The scientific Reverse Polish Notation calculator can be used for mathematical calculations and as a tool to input data points into datasets. The calculator has hundreds of unit conversions built in to make complex calculations simple.

Used the Dataset Module to determine “Best Fit” linear or polynomial equations for sets of data with this IOS universal device application. It has the ability to store multiple datasets, calculate the goodness of fit, graph the given values verses the predicted values and calculate predicted values from the user’s input.

It is especially useful for scientists and science students because there are two modes of curve fitting: Calibration mode and Standard mode. In the Calibration Mode, an inverse prediction of X (abscissa) from Y (ordinate) is performed. As an example, if x is standard concentration values in mg/L and y is absorbance, then you can predict the concentration in mg/L from any absorbance value. The application derives X in second and third degree polynomials by using equation roots. The standard mode is available to fit datasets where high (up to 9th degree) degree polynomial fits are required or the Y needs to be predicted from X.

Both modes provide the goodness of fit by calculating the correlation coefficient (r^2) and the relative percent difference (RPD) between the measured values and the predicted values.

For best results, when constructing a calibration curve space the standard values equally. This is to avoid high-leverage point error.
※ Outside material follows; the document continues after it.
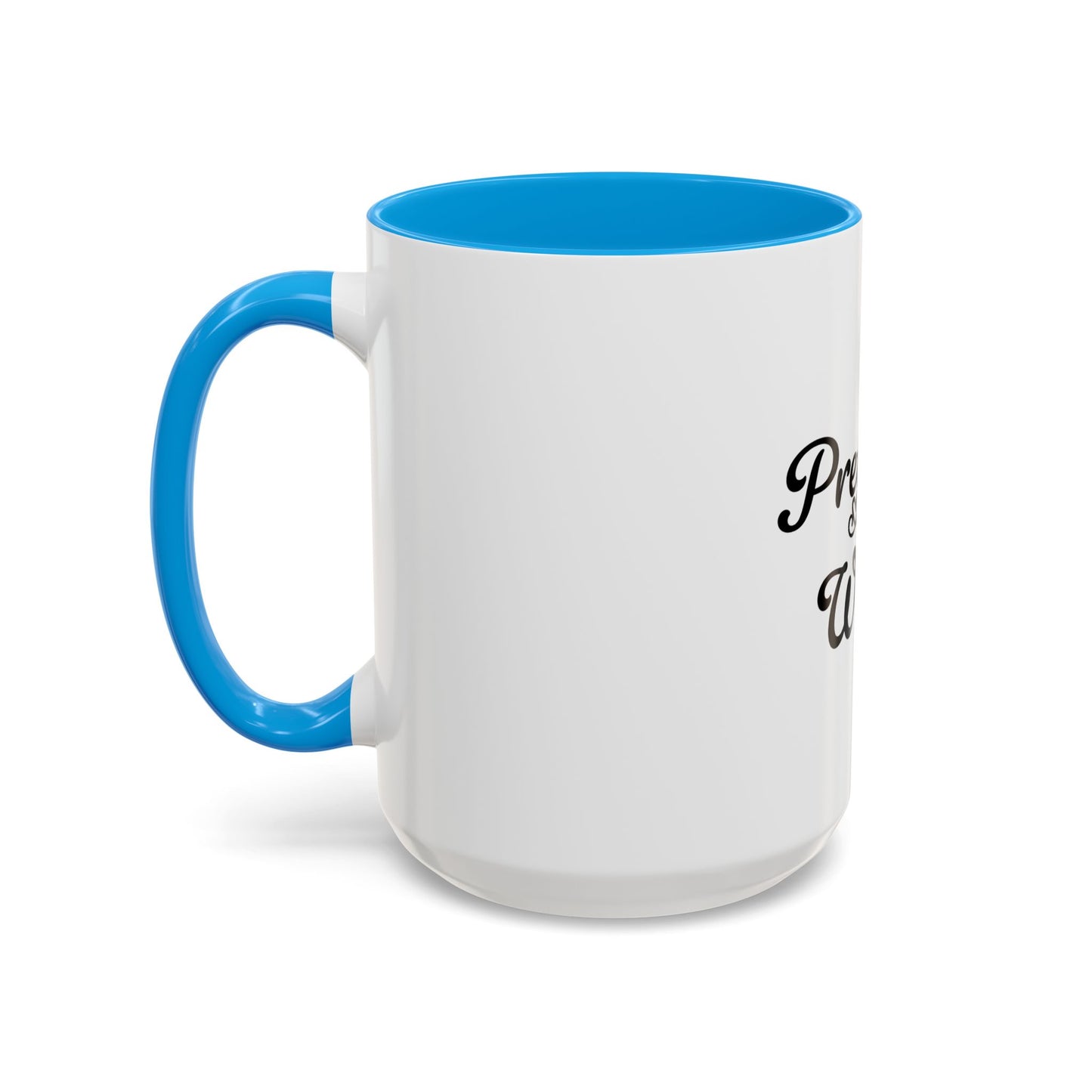 Prettier in Whittier Coffee Mug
For instance, if you perform a linear least squares fit of a set of data, the fitted line will always pass though the average X, average Y point. If the points are spaced equally then they will contribute equally to the fit. Also, do not use higher degree polynomials to compensate for detector saturation. In either mode, known values (for instance, standard concentration values) should be on the x-axis and the response variable (eg. instrument response measured with error) is on the y-axis. With this setup, the measurement errors are in the vertical direction and the least squares criterion works optimally.

Please note that the data is sorted by X values in the database and this affects the analysis and graphing functions. So, consider this when choosing modes.